"Nachtweide"

She wrote an entry into the forum today. It is a forum where I have been very active since one year exactly. And it really makes me feel deeply of what she tells to the forum members; how the situation looks like in the German Healthcare system behind the curtains, since most people have been taking the genetic injections causing so much illness and death following in the path... It is unbelievable. Plus the unacceptable behavior from doctors - as well the whole German health care system in essence being in free fall, not human anymore.

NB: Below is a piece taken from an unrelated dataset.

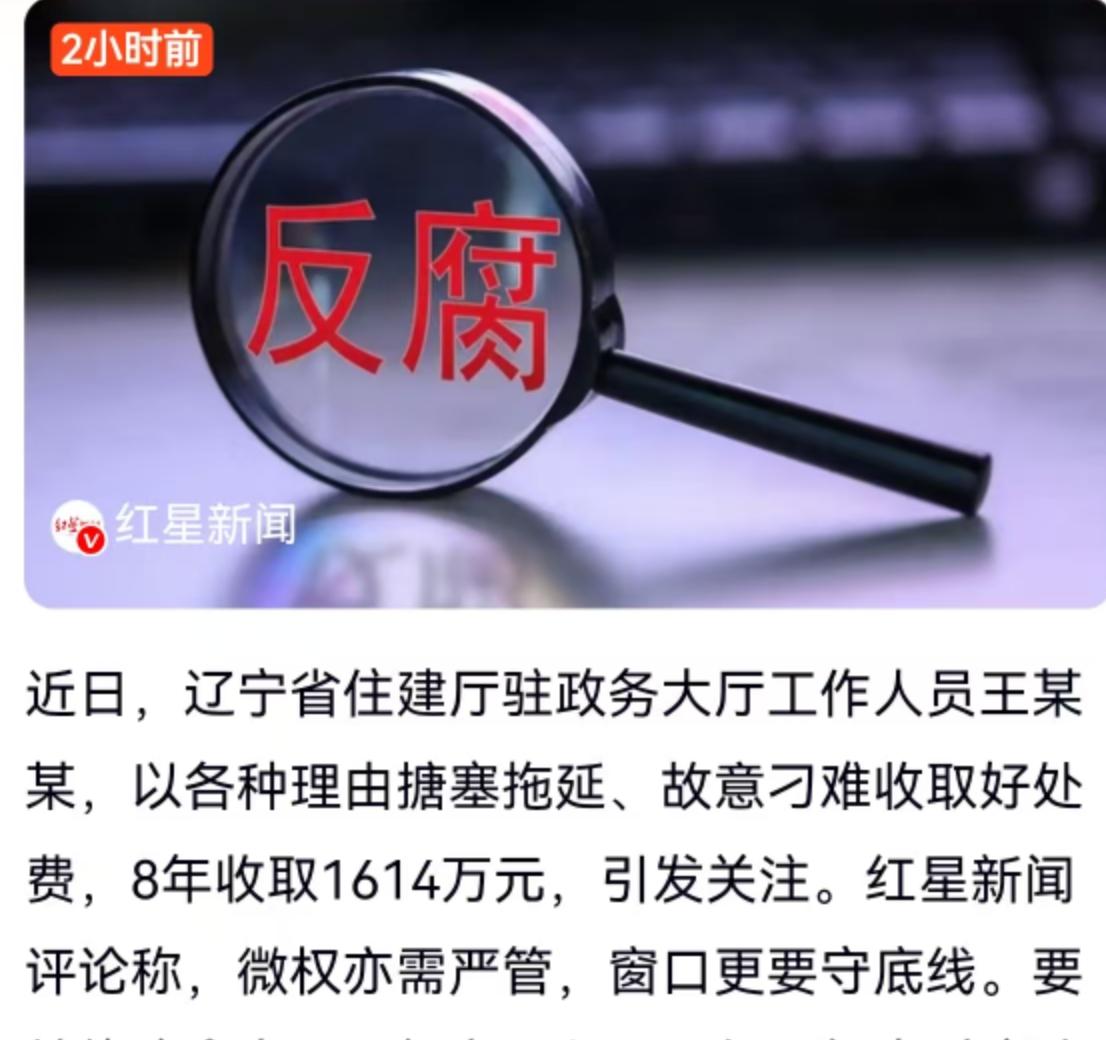 在辽宁省住建厅驻政务大厅的窗口，一位名叫王某某的工作人员，用8年时间上演了一出荒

And there she stands, to my eye vulnerable yet so heroic, trying to do her best for the patients, trying to climb walls and obstacles which seem to be too many... and it ain't helping to those who suffer. Some of which die away after the "vaccinations" and mistreatment / misjudgments. It is so endless sad. And sad how people refuse to see, deny the existence is far more widespread then anything you read in the newspapers.

It sometimes makes it difficult for me to breathe when I read... And I have read many first hand observations and situations... It makes your heart go numb sometimes. Unable to understand, how other people can be so cruel, just by ignoring and denying, by going insane and nuts in the wake of the Corona hysteria. Without even seeing how many lives are being taken because of the COVID-19 "VACCINATION" costing endlessly many more lives, than the official statistics - which in itself also often aren't even show in the media - which always says "a few" have a reaction.

Genocide is committed, while we, the majority looks the other way, and smile a cruel smile, over the few who try to tell them the truths.... But are humiliated with scorn and rejection.

What we live now, is a copy of what once was 80 year ago. And it is "funny", that we don't recognize the signs, albeit there are so many of those signs.

 

When you just want to cry...

I am so impressed by Nachtweide (and many others) who tel ltheir first hand stories, observations and experiences.

But - I also feel helpless to read about such situations - as my heart turns very heavy... and I know how most people choose to ignore all of what is going on.

Real lives are at stake at a high number, and the old people after vaccination meet such a lousy ends with suffering, no real help, denial and ultimately death. Sometimes I just want to go in a corner and cry. And yes I have cried - but not often. Nowadays, when I read, it is only the most terrifying and horrible stories from people at first hand, when I still can break in tears. (I have cried so much earlier. Perhaps that is the reason that I am not breaking as easily anymore)

But the thing is, that I rarely cry nowadays and have developed a very thick, almost "cold" kind of wall around my heart, after everything I have studied and read deeply, every single day, during the last 19 month... But it still feels heavy...

Hwoever - I am all present. Nothing is "denied" or pushed away in me.